Access to experience and resources

Lead generation agencies also provide access to expert professionals who have extensive knowledge of generating leads through various channels such as email campaigns, social media, search engine optimization (SEO), etc. These experienced professionals know how to position a product or service to attract potential customers interested in what the business has to offer. In addition, these agencies typically provide additional resources such as marketing automation software, lead scoring tools, and analytics dashboards that help companies improve their lead generation efforts.

Savings and efficiency

Partnering with a lead generation agency can also help companies cut costs and improve process efficiency. By outsourcing lead generation efforts to an experienced agency, businesses can avoid the costs associated with hiring and training new employees, acquiring marketing tools and software, and managing campaigns in-house. Lead generation agencies also have the experience and resources to manage campaigns more effectively, resulting in a higher return on investment (ROI) for the business.

Features of a good lead generation agency

When choosing a lead generation agency, you should pay attention to several key characteristics. These include a comprehensive service package, experienced team members and a proven track record of successful campaigns.

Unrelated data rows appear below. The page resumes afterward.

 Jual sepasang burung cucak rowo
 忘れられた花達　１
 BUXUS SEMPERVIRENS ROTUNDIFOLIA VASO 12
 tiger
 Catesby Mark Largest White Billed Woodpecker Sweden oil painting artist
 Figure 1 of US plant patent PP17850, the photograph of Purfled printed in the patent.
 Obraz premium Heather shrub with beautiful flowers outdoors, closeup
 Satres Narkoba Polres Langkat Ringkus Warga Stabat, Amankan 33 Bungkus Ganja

Comprehensive service package

A good lead generation agency will have a comprehensive package of services that covers all aspects of lead generation from strategy development and campaign planning to implementation and results analysis. This type of package ensures that all aspects of a campaign are managed with meticulous attention to every detail so that businesses get the highest possible return on investment (ROI).

Experienced team members

Experienced team members are critical to successful lead generation campaigns. When choosing a lead generation agency, companies should choose a team with proven experience and technical expertise. These team members must also have the creative vision to develop effective campaigns that are specifically tailored to the needs of the business. They need to understand how technology works together with marketing methods so they can deliver maximum campaign reach to target customers.

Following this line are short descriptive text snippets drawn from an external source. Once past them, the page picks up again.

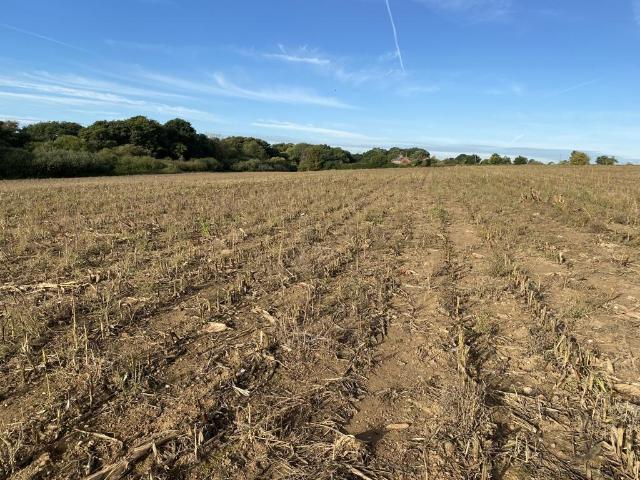 Land for sale in Burefield, North Norfolk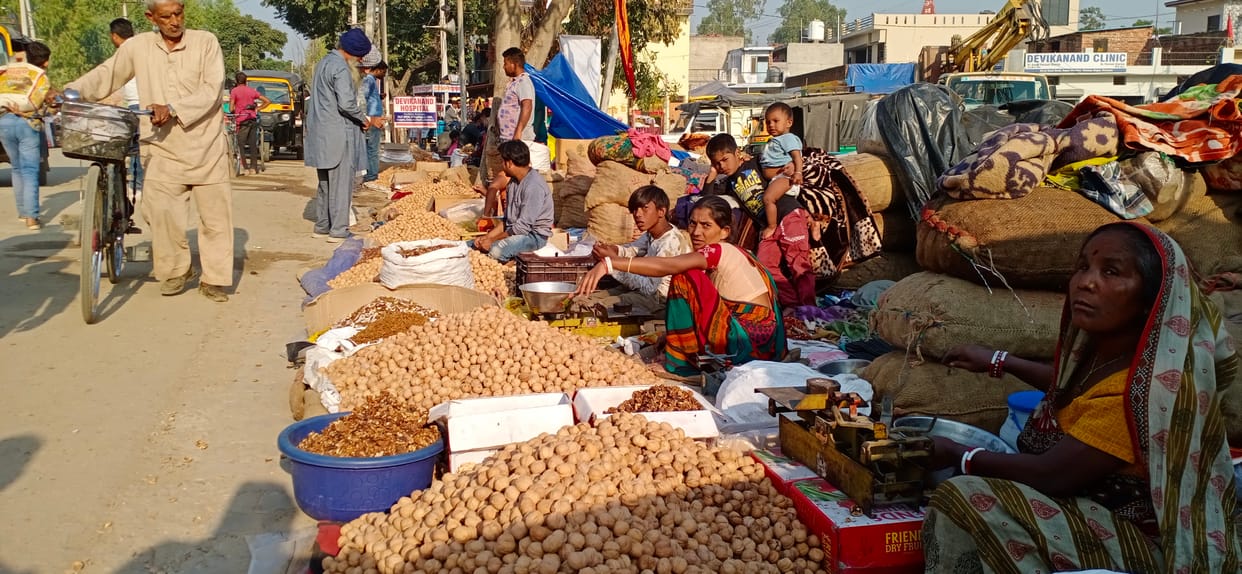 Devotees are pleased with paper, jaggery and katha nut, Yamunanagar
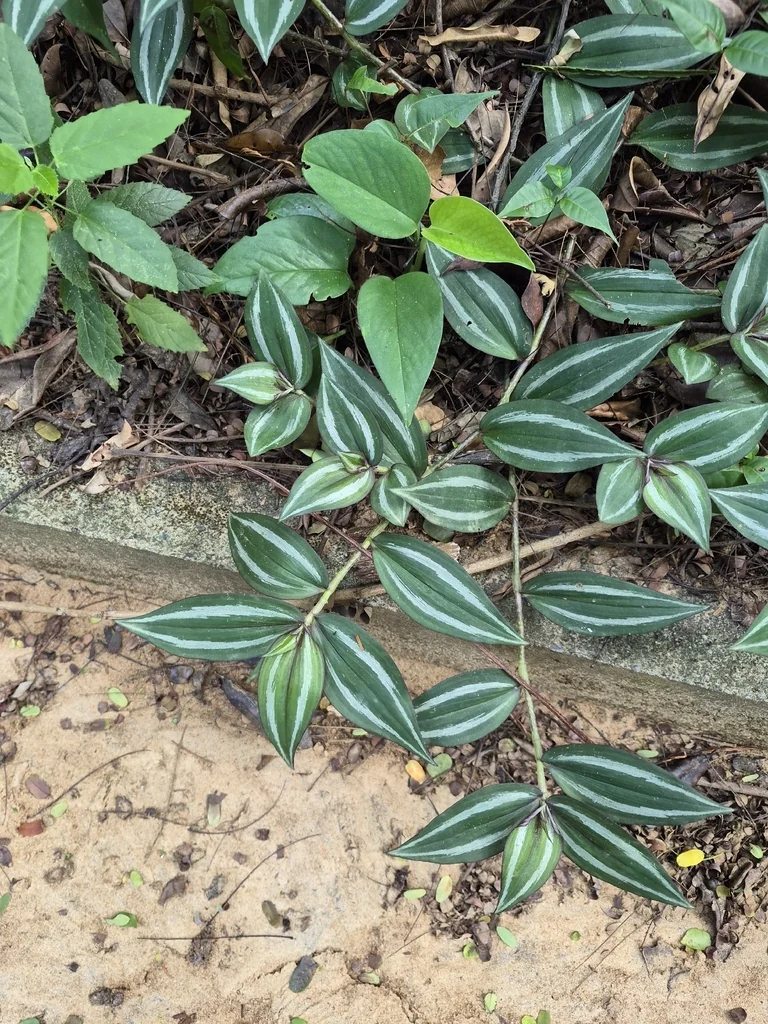 Tradescantia Zebrina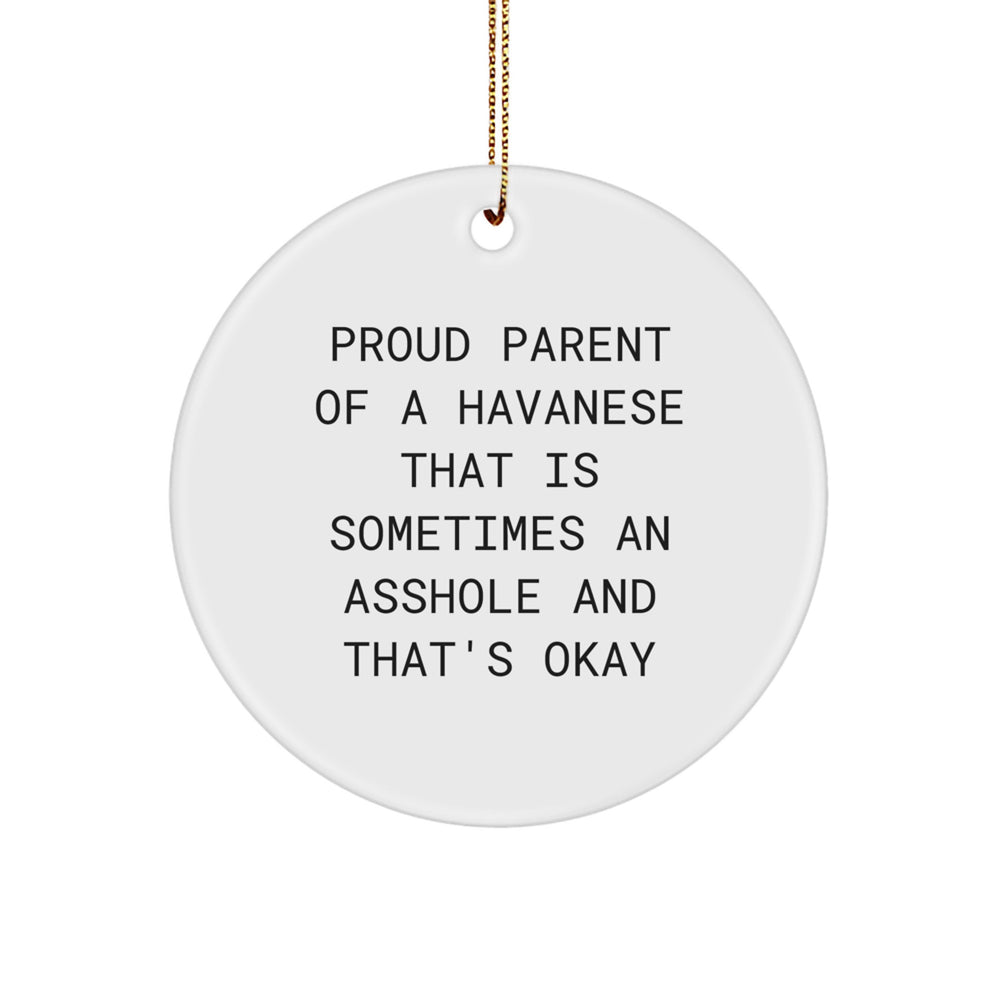 Funny Havanese Dog Circle Ornament, Gifts from Friends, Family or Coworkers for Christmas Unique Gifts - Image 1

Proven track record of successful campaigns

An experienced team member is only as good as their performance, so it’s also important to consider their track record in terms of successful past campaigns when choosing an agency. This includes analyzing case studies, testimonials and reviews from other clients in similar industries or markets.

How to choose the right lead generation agency for your business

Choosing the right lead generation agency for your business can be a daunting task. However, reviewing goals and objectives, researching potential agencies, and evaluating cost versus value proposition can help you along the way. It’s also worth noting that when evaluating cost versus value proposition, it’s important to keep in mind that a cheaper agency may not necessarily provide the same level of expertise or deliver the same quality of results as a more expensive agency. Therefore, it is important to consider the long-term benefits of working with a more experienced and successful agency that can provide a higher return on investment.

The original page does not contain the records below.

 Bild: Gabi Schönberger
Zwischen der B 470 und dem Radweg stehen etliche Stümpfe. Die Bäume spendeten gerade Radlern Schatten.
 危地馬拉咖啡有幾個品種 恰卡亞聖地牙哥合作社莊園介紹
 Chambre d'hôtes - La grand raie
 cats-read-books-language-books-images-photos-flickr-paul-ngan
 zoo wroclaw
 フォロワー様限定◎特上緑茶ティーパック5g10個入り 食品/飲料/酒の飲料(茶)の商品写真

property values. Manager with a calculator. Real estate investment.

In conclusion, partnering with a lead generation agency is a great way to grow your business’s customer base and increase sales. With their specialized services, businesses can target specific consumer groups, develop strategies for successful lead conversion, and track results. By choosing the right lead generation agency, companies can quickly expand their footprint and accelerate their growth. However, it’s important to keep your goals and objectives in mind, research potential agencies, and evaluate their value against the value proposition before making a decision.